The copy should hold exactly the lines below from the one that contains "거짓말쟁이 연인 79화 13" through the one that contains "Read Mayonaka Heart Tune ES Manga Online" and nothing else, so no pictures.

• Extracted material:
___

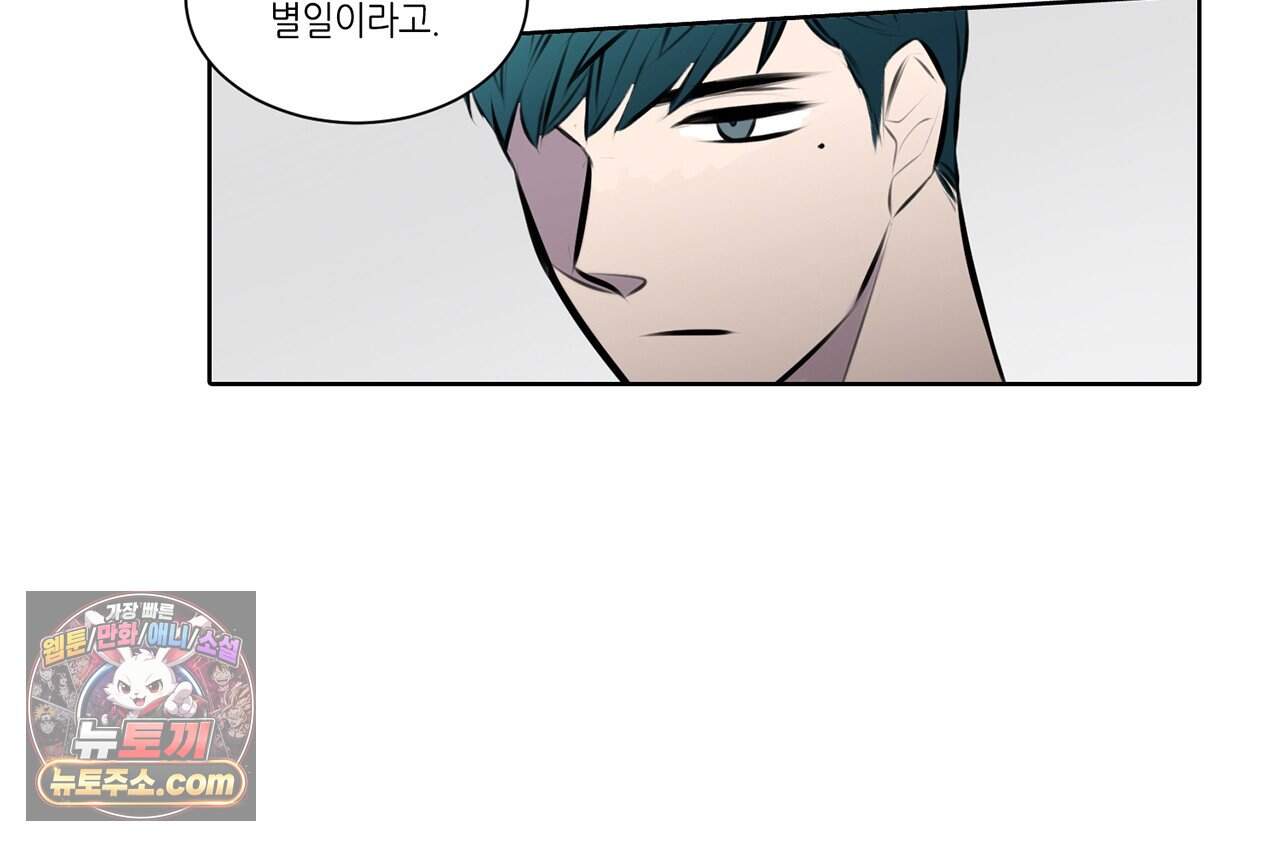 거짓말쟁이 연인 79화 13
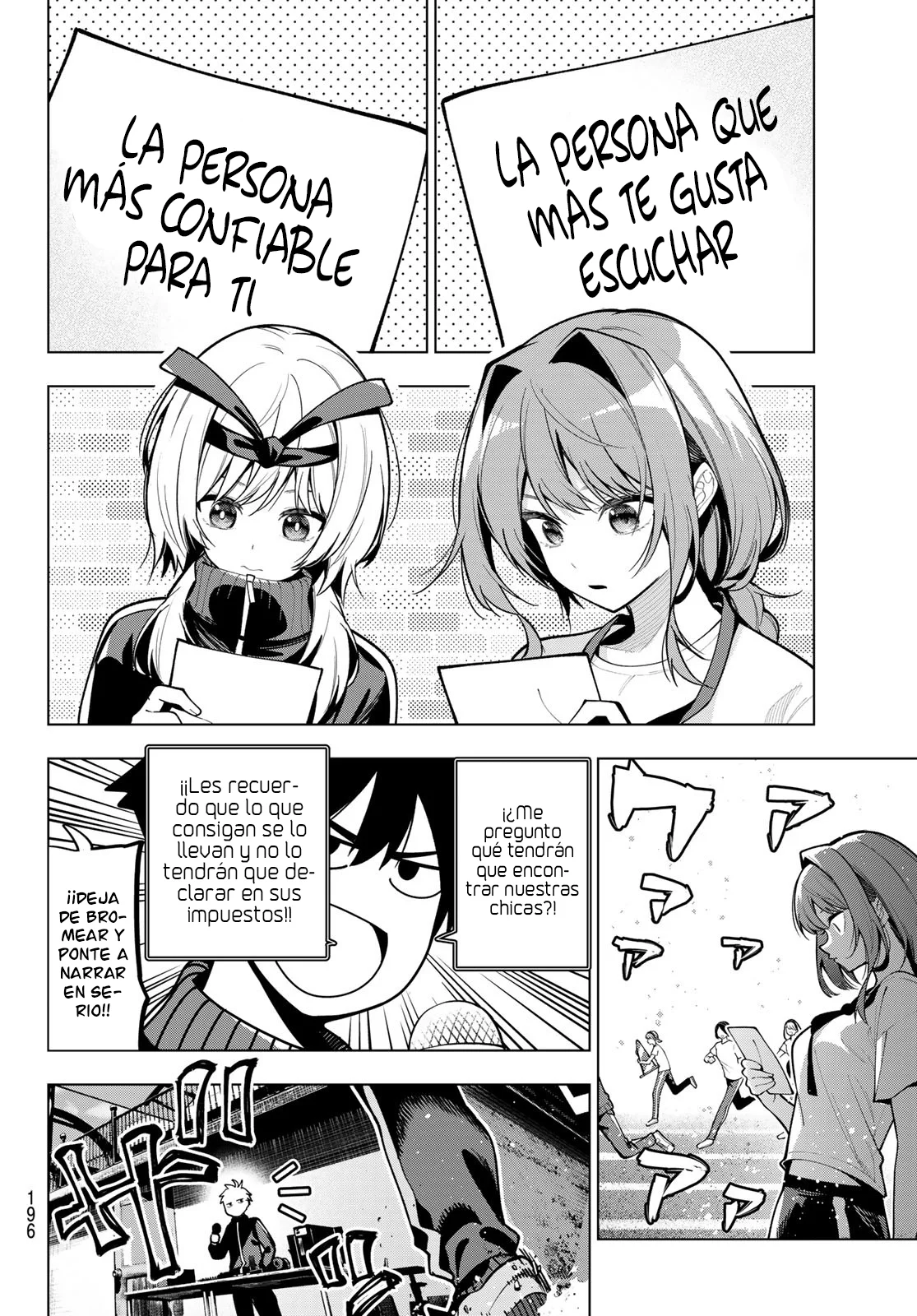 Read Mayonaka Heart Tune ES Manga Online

___

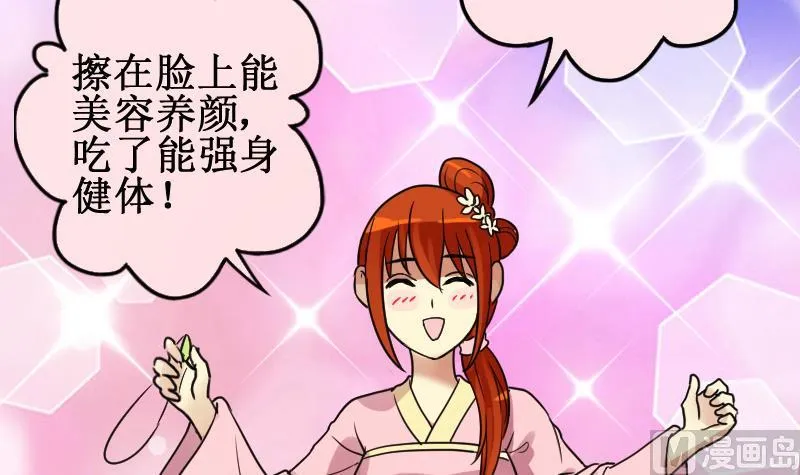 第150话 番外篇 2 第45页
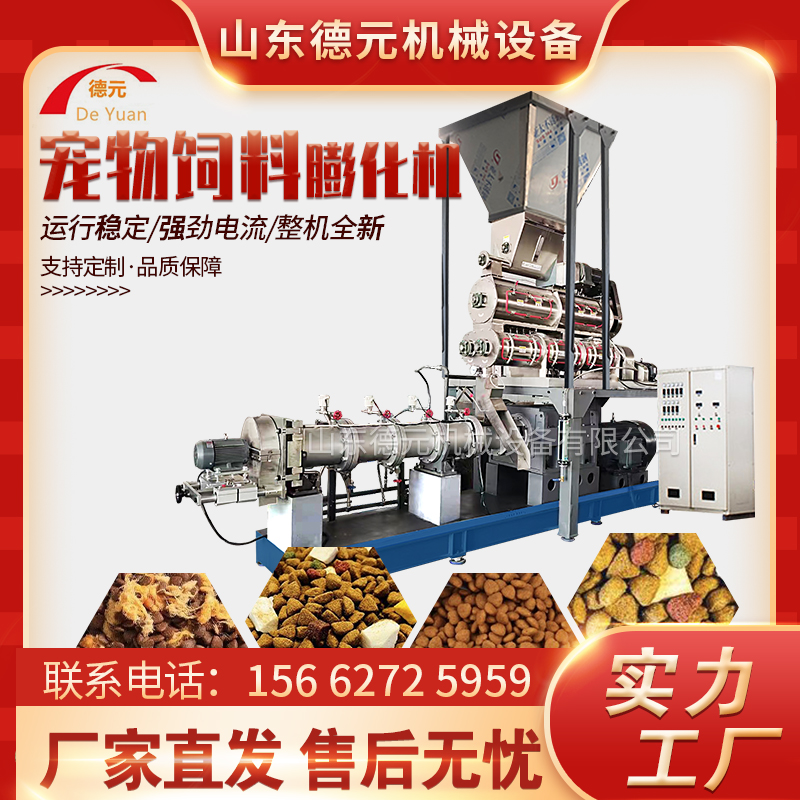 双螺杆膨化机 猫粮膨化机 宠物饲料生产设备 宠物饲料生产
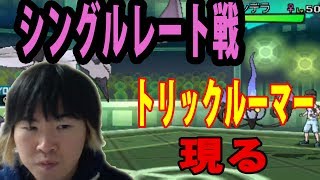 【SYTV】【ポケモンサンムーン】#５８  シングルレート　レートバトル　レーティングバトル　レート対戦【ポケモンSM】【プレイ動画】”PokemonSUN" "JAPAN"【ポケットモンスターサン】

___

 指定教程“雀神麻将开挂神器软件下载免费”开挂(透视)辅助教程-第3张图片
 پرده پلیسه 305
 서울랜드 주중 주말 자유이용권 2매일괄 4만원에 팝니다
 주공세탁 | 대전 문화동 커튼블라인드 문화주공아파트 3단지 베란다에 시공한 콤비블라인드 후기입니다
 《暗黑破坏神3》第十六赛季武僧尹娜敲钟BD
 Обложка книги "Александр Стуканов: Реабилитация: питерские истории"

___

• Solution:
 거짓말쟁이 연인 79화 13
 Read Mayonaka Heart Tune ES Manga Online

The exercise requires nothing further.